◆ **Exercise objective**:
Only the lines from the one with "Yamakiikai Kanejin Small" to the end of the data, both ends included, should be output, exactly as they stand and without pictures.

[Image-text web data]
##########

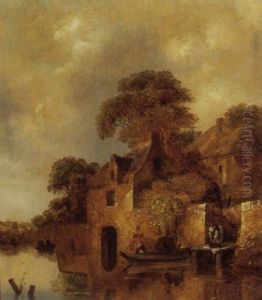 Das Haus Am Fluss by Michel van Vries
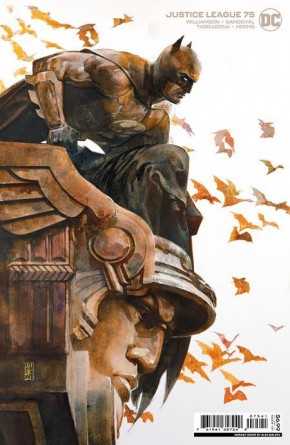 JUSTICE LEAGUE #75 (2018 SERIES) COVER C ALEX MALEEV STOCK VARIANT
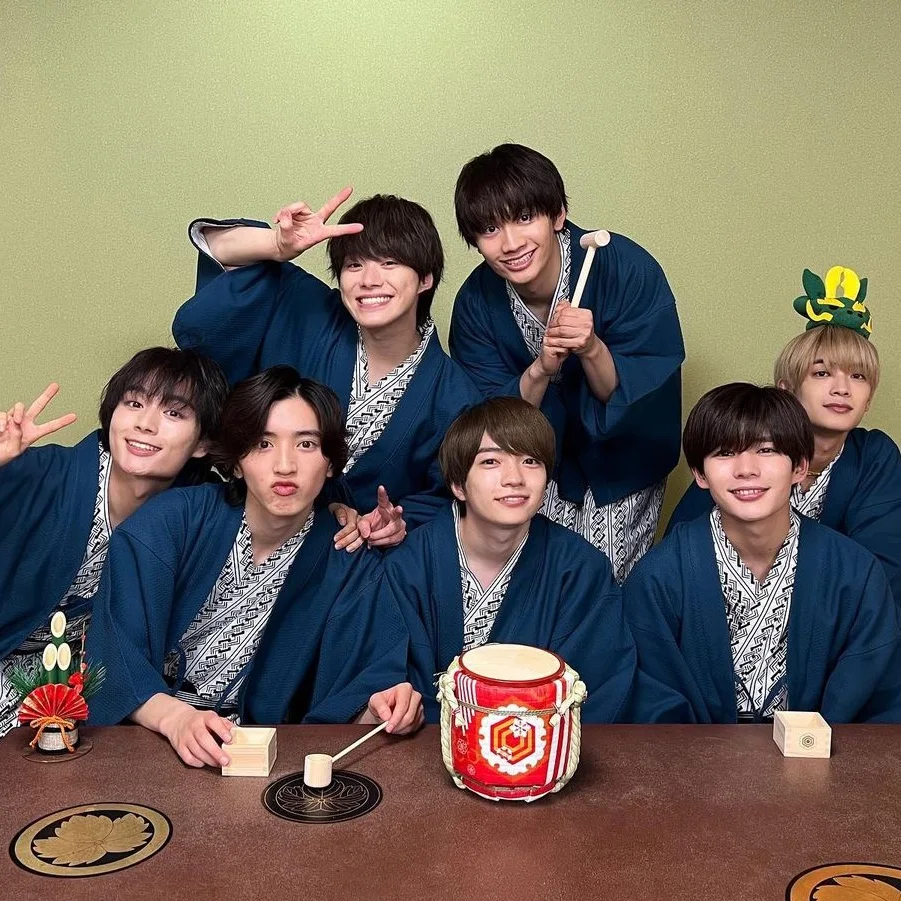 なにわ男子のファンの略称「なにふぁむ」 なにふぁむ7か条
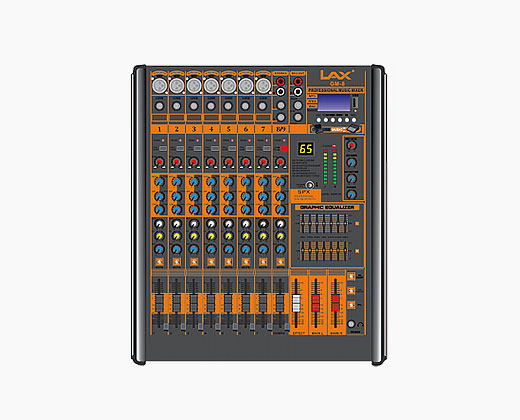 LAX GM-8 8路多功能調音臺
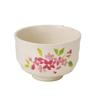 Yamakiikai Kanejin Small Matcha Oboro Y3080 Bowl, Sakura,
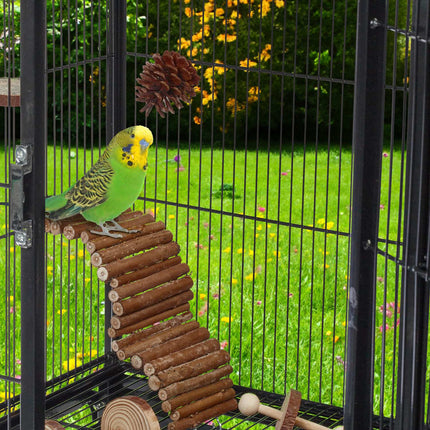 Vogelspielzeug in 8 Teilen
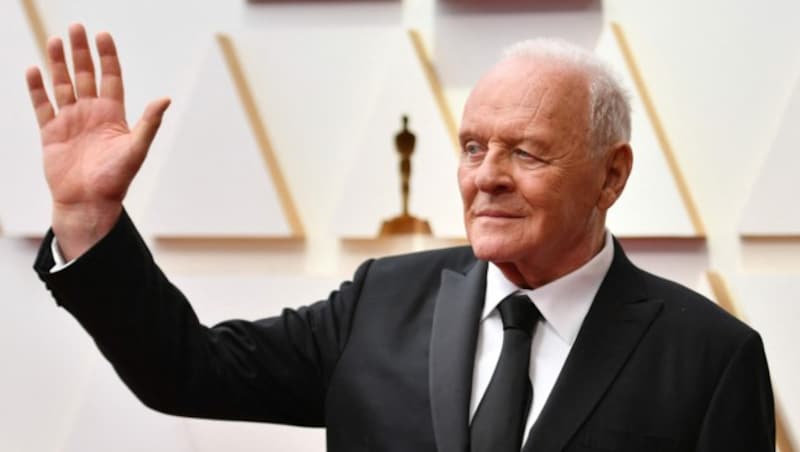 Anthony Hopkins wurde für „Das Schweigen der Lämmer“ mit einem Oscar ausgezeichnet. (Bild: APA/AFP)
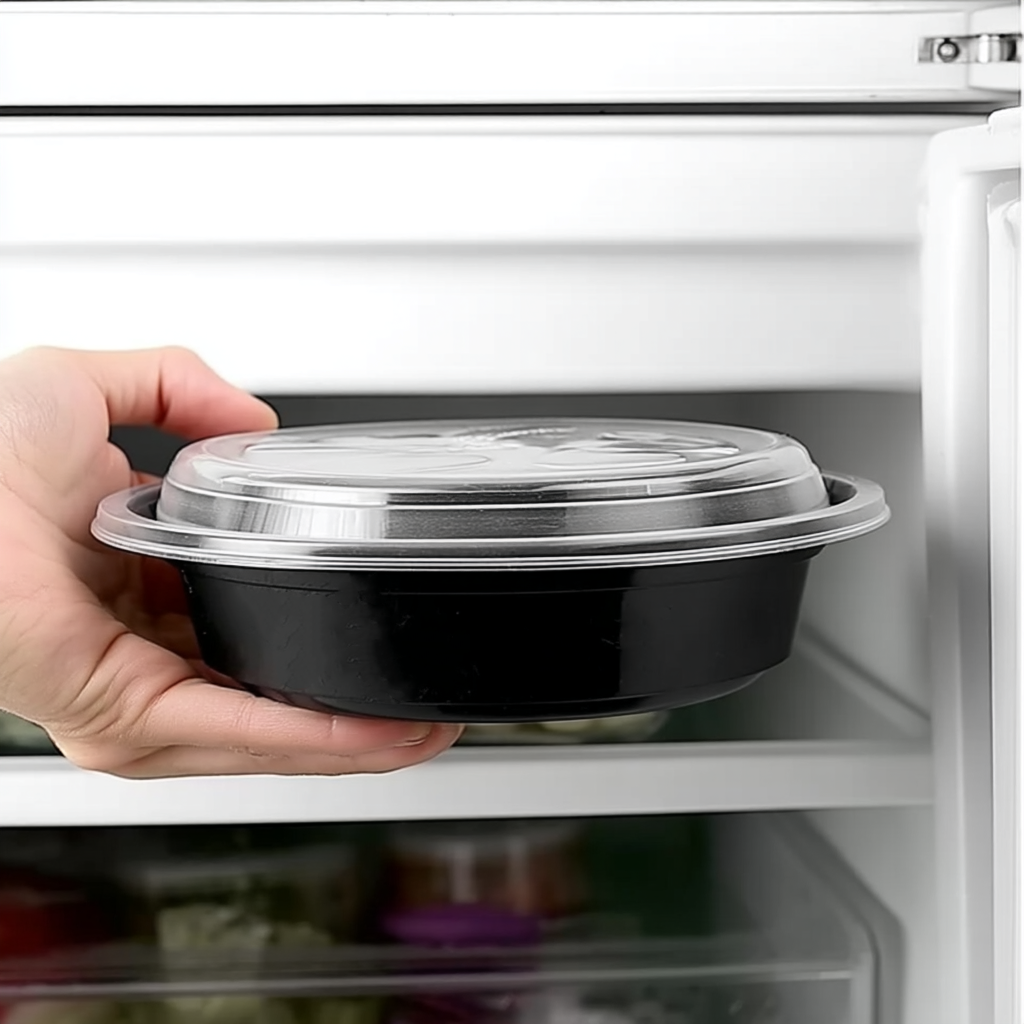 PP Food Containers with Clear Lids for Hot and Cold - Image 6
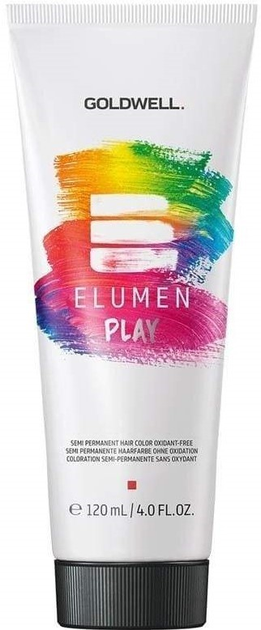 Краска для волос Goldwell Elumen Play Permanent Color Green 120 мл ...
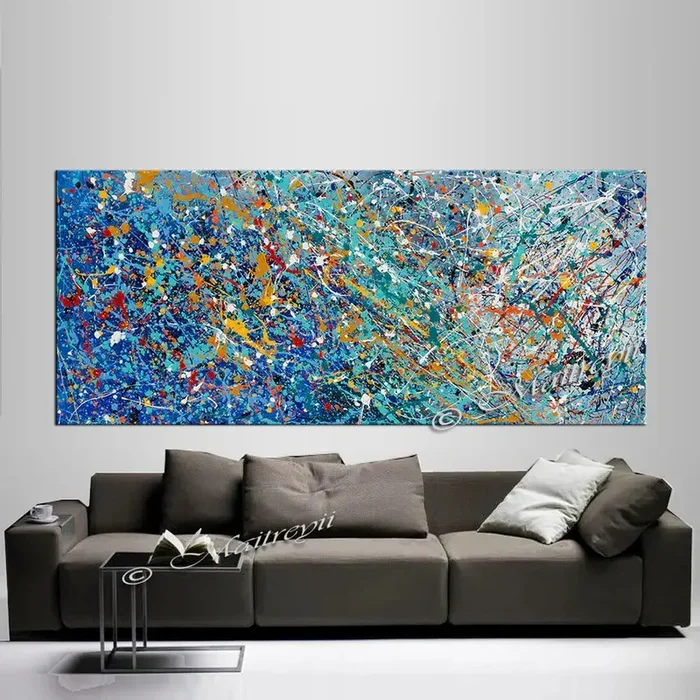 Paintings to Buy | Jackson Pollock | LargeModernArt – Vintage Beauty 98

##########

◆ **Response area**:
 Yamakiikai Kanejin Small Matcha Oboro Y3080 Bowl, Sakura,
 Vogelspielzeug in 8 Teilen
 Anthony Hopkins wurde für „Das Schweigen der Lämmer“ mit einem Oscar ausgezeichnet. (Bild: APA/AFP)
 PP Food Containers with Clear Lids for Hot and Cold - Image 6
 Краска для волос Goldwell Elumen Play Permanent Color Green 120 мл ...
 Paintings to Buy | Jackson Pollock | LargeModernArt – Vintage Beauty 98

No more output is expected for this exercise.